(DATA RECORDS)

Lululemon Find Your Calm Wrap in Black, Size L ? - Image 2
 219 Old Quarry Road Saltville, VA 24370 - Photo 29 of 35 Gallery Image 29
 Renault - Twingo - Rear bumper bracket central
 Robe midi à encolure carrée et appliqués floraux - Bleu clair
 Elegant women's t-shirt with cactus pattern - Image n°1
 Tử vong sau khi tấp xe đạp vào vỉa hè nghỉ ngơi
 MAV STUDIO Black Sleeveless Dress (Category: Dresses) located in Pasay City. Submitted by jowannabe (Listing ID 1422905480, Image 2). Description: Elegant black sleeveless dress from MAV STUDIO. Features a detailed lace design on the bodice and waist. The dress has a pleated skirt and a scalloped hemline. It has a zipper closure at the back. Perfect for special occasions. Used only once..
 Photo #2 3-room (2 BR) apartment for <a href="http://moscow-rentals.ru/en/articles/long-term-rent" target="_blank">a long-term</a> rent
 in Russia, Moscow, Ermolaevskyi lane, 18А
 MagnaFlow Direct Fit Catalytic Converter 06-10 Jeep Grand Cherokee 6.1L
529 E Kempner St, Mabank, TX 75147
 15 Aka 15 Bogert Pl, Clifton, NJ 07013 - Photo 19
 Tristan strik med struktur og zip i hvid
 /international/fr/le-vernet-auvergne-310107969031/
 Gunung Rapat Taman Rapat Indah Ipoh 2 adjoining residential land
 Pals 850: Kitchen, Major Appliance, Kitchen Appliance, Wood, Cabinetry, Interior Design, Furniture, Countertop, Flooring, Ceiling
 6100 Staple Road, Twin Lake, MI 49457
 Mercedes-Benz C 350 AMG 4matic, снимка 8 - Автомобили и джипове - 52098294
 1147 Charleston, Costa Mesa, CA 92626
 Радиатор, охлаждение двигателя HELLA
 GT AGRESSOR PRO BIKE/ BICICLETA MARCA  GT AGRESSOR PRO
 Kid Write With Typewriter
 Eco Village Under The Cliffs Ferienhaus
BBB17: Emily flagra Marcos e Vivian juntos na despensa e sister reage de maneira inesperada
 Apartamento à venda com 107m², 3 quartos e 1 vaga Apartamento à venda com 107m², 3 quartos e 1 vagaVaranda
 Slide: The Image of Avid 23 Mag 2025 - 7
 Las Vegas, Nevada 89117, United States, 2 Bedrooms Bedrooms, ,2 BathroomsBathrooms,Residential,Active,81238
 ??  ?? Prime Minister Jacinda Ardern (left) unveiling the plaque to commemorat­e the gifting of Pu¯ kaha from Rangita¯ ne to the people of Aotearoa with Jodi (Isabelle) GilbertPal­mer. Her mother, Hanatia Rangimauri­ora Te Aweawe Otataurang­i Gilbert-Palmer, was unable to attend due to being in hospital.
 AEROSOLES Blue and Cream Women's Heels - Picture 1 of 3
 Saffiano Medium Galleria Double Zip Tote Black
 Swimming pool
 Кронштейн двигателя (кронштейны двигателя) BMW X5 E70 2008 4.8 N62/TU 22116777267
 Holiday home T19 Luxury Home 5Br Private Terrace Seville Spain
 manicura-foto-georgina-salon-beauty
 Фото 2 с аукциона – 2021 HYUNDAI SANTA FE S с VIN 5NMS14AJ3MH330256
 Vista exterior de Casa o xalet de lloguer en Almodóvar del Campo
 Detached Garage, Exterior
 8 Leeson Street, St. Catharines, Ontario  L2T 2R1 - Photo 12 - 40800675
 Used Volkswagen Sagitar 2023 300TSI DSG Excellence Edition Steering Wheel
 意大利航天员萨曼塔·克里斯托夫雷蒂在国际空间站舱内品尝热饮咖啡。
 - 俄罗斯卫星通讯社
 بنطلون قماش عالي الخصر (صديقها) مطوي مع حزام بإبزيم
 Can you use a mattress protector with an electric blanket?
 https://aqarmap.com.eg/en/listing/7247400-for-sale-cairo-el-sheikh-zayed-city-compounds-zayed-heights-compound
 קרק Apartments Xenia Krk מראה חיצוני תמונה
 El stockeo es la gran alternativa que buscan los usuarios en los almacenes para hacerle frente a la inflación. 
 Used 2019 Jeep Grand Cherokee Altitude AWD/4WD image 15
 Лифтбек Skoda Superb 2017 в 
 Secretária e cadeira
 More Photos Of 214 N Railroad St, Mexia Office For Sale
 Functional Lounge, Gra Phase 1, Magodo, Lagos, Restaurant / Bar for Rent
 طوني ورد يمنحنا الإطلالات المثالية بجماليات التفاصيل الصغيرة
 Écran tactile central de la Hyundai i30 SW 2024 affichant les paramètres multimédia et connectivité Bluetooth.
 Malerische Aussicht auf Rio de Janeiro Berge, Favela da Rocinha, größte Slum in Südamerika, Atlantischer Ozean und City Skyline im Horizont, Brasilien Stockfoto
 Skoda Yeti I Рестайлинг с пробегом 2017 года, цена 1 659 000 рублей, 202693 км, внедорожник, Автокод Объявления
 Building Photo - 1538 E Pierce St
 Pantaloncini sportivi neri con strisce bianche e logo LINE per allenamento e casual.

(End DATA RECORDS)

Your reply must be a faithful copy of each entry above.

Lululemon Find Your Calm Wrap in Black, Size L ? - Image 2
 219 Old Quarry Road Saltville, VA 24370 - Photo 29 of 35 Gallery Image 29
 Renault - Twingo - Rear bumper bracket central
 Robe midi à encolure carrée et appliqués floraux - Bleu clair
 Elegant women's t-shirt with cactus pattern - Image n°1
 Tử vong sau khi tấp xe đạp vào vỉa hè nghỉ ngơi
 MAV STUDIO Black Sleeveless Dress (Category: Dresses) located in Pasay City. Submitted by jowannabe (Listing ID 1422905480, Image 2). Description: Elegant black sleeveless dress from MAV STUDIO. Features a detailed lace design on the bodice and waist. The dress has a pleated skirt and a scalloped hemline. It has a zipper closure at the back. Perfect for special occasions. Used only once..
 Photo #2 3-room (2 BR) apartment for <a href="http://moscow-rentals.ru/en/articles/long-term-rent" target="_blank">a long-term</a> rent
 in Russia, Moscow, Ermolaevskyi lane, 18А
 MagnaFlow Direct Fit Catalytic Converter 06-10 Jeep Grand Cherokee 6.1L
529 E Kempner St, Mabank, TX 75147
 15 Aka 15 Bogert Pl, Clifton, NJ 07013 - Photo 19
 Tristan strik med struktur og zip i hvid
 /international/fr/le-vernet-auvergne-310107969031/
 Gunung Rapat Taman Rapat Indah Ipoh 2 adjoining residential land
 Pals 850: Kitchen, Major Appliance, Kitchen Appliance, Wood, Cabinetry, Interior Design, Furniture, Countertop, Flooring, Ceiling
 6100 Staple Road, Twin Lake, MI 49457
 Mercedes-Benz C 350 AMG 4matic, снимка 8 - Автомобили и джипове - 52098294
 1147 Charleston, Costa Mesa, CA 92626
 Радиатор, охлаждение двигателя HELLA
 GT AGRESSOR PRO BIKE/ BICICLETA MARCA  GT AGRESSOR PRO
 Kid Write With Typewriter
 Eco Village Under The Cliffs Ferienhaus
BBB17: Emily flagra Marcos e Vivian juntos na despensa e sister reage de maneira inesperada
 Apartamento à venda com 107m², 3 quartos e 1 vaga Apartamento à venda com 107m², 3 quartos e 1 vagaVaranda
 Slide: The Image of Avid 23 Mag 2025 - 7
 Las Vegas, Nevada 89117, United States, 2 Bedrooms Bedrooms, ,2 BathroomsBathrooms,Residential,Active,81238
 ??  ?? Prime Minister Jacinda Ardern (left) unveiling the plaque to commemorat­e the gifting of Pu¯ kaha from Rangita¯ ne to the people of Aotearoa with Jodi (Isabelle) GilbertPal­mer. Her mother, Hanatia Rangimauri­ora Te Aweawe Otataurang­i Gilbert-Palmer, was unable to attend due to being in hospital.
 AEROSOLES Blue and Cream Women's Heels - Picture 1 of 3
 Saffiano Medium Galleria Double Zip Tote Black
 Swimming pool
 Кронштейн двигателя (кронштейны двигателя) BMW X5 E70 2008 4.8 N62/TU 22116777267
 Holiday home T19 Luxury Home 5Br Private Terrace Seville Spain
 manicura-foto-georgina-salon-beauty
 Фото 2 с аукциона – 2021 HYUNDAI SANTA FE S с VIN 5NMS14AJ3MH330256
 Vista exterior de Casa o xalet de lloguer en Almodóvar del Campo
 Detached Garage, Exterior
 8 Leeson Street, St. Catharines, Ontario  L2T 2R1 - Photo 12 - 40800675
 Used Volkswagen Sagitar 2023 300TSI DSG Excellence Edition Steering Wheel
 意大利航天员萨曼塔·克里斯托夫雷蒂在国际空间站舱内品尝热饮咖啡。
 - 俄罗斯卫星通讯社
 بنطلون قماش عالي الخصر (صديقها) مطوي مع حزام بإبزيم
 Can you use a mattress protector with an electric blanket?
 https://aqarmap.com.eg/en/listing/7247400-for-sale-cairo-el-sheikh-zayed-city-compounds-zayed-heights-compound
 קרק Apartments Xenia Krk מראה חיצוני תמונה
 El stockeo es la gran alternativa que buscan los usuarios en los almacenes para hacerle frente a la inflación. 
 Used 2019 Jeep Grand Cherokee Altitude AWD/4WD image 15
 Лифтбек Skoda Superb 2017 в 
 Secretária e cadeira
 More Photos Of 214 N Railroad St, Mexia Office For Sale
 Functional Lounge, Gra Phase 1, Magodo, Lagos, Restaurant / Bar for Rent
 طوني ورد يمنحنا الإطلالات المثالية بجماليات التفاصيل الصغيرة
 Écran tactile central de la Hyundai i30 SW 2024 affichant les paramètres multimédia et connectivité Bluetooth.
 Malerische Aussicht auf Rio de Janeiro Berge, Favela da Rocinha, größte Slum in Südamerika, Atlantischer Ozean und City Skyline im Horizont, Brasilien Stockfoto
 Skoda Yeti I Рестайлинг с пробегом 2017 года, цена 1 659 000 рублей, 202693 км, внедорожник, Автокод Объявления
 Building Photo - 1538 E Pierce St
 Pantaloncini sportivi neri con strisce bianche e logo LINE per allenamento e casual.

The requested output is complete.